There is always hand fasting. XD
I dated a girl long term and she was constantly asking about marriage. I had explained many times that the answer was yes, but not now as I had recently started a business and wanted to become more financially stable. She took this to mean she should start nailing her co-worker. I dodged a bullet... What im saying OP, is there can be many reasons he is holding off. If things are good otherwise he will ask when he's ready. Also who wants to get married too soon only to end up going through a divorce? It was a bit of a dick move on his part but I'm sure it was sarcastic.

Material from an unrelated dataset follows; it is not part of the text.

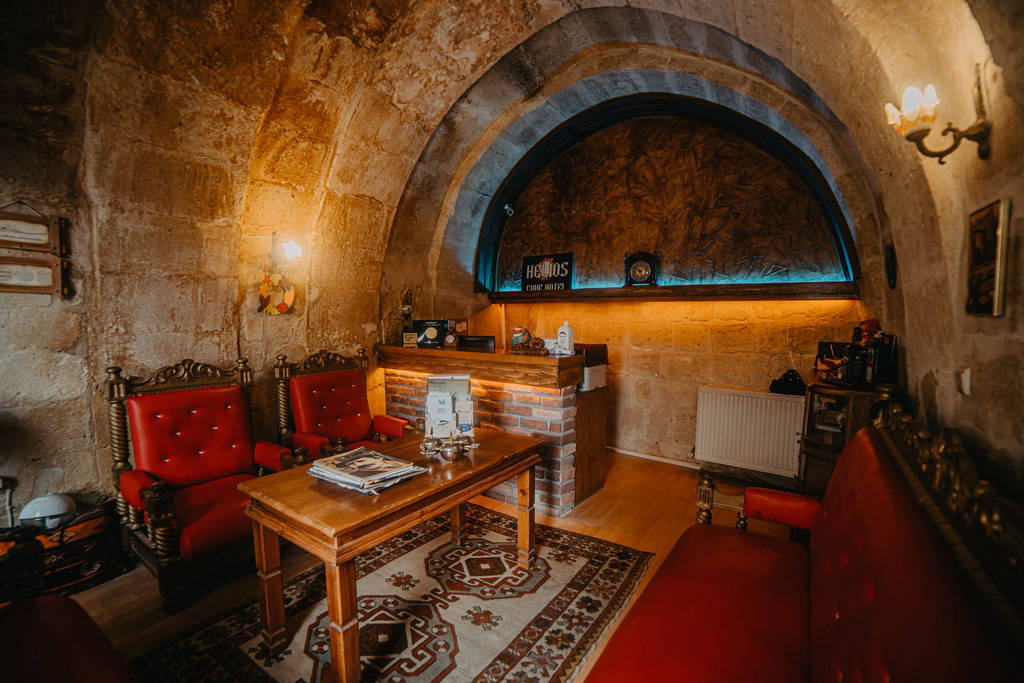 Helios Cave Hotel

There are a lot of people here who are waaaaaay too hasty. He may gladly marry you just later when he feels more ready, so dumping him over something that may have been a joke or an attempt to momentarily dissuade you is harsh and may lead to both of you being unhappy
Are you sure he didn't just mean about the wedding theme you where looking at? If he meant at all; well... sorry OP. I am inclined to agree that you should sit and talk this out; if he's not the type for weddings but he wants to stay with you in a committed relationship otherwise, you may find some middle ground that will make you both happy. If not... enjoy the ride and depart on good terms when(if) it ends.
welll when your pretty much living like a married couple why would a guy want marry you? Youve already given him everything that he needs... sex, food, cleaning and yes living in the same house.

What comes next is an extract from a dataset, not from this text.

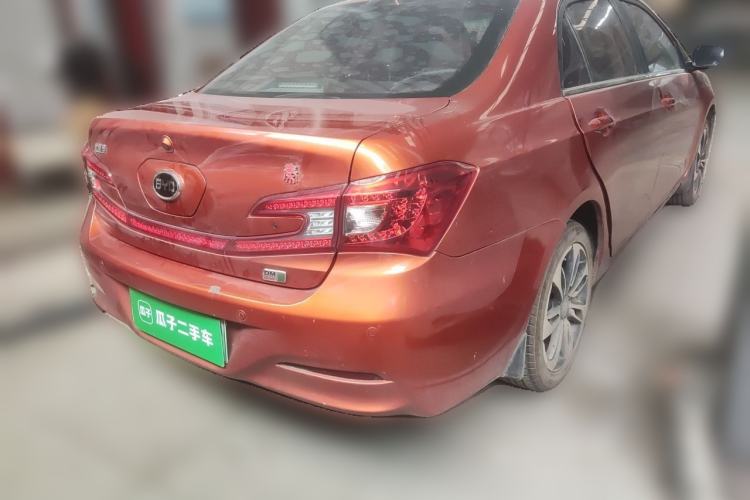 Used BYD Qin New Energy 2015 1.5T Dual-Crown Flagship Plus Edition Rear Right 45 Deg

I think you need to sit down with him OP. If marriage isn't something you two have talked about in the past it may be time to examine your life goals. If he doesn't want to get married then thats fine, but if you really want to then maybe its not meant to be. It's like talking about kids before you get married. It is a big life step and if it is one you want to take and he doesn't it is time to clear the air now.
I say if its been more than 3 years, then its time to move on.
Keywords
He probably doesn't even deserve you OP. I bet that wedding, will be beautiful, too!!
Weddings stir up emotions, and it's likely your boyfriend will witness the special moment and want it for himself too. Keep positive, it'll come eventually. Unless there's a dramatic plot twist, and your sister/her fiancé dramatically leaves like in a soap opera.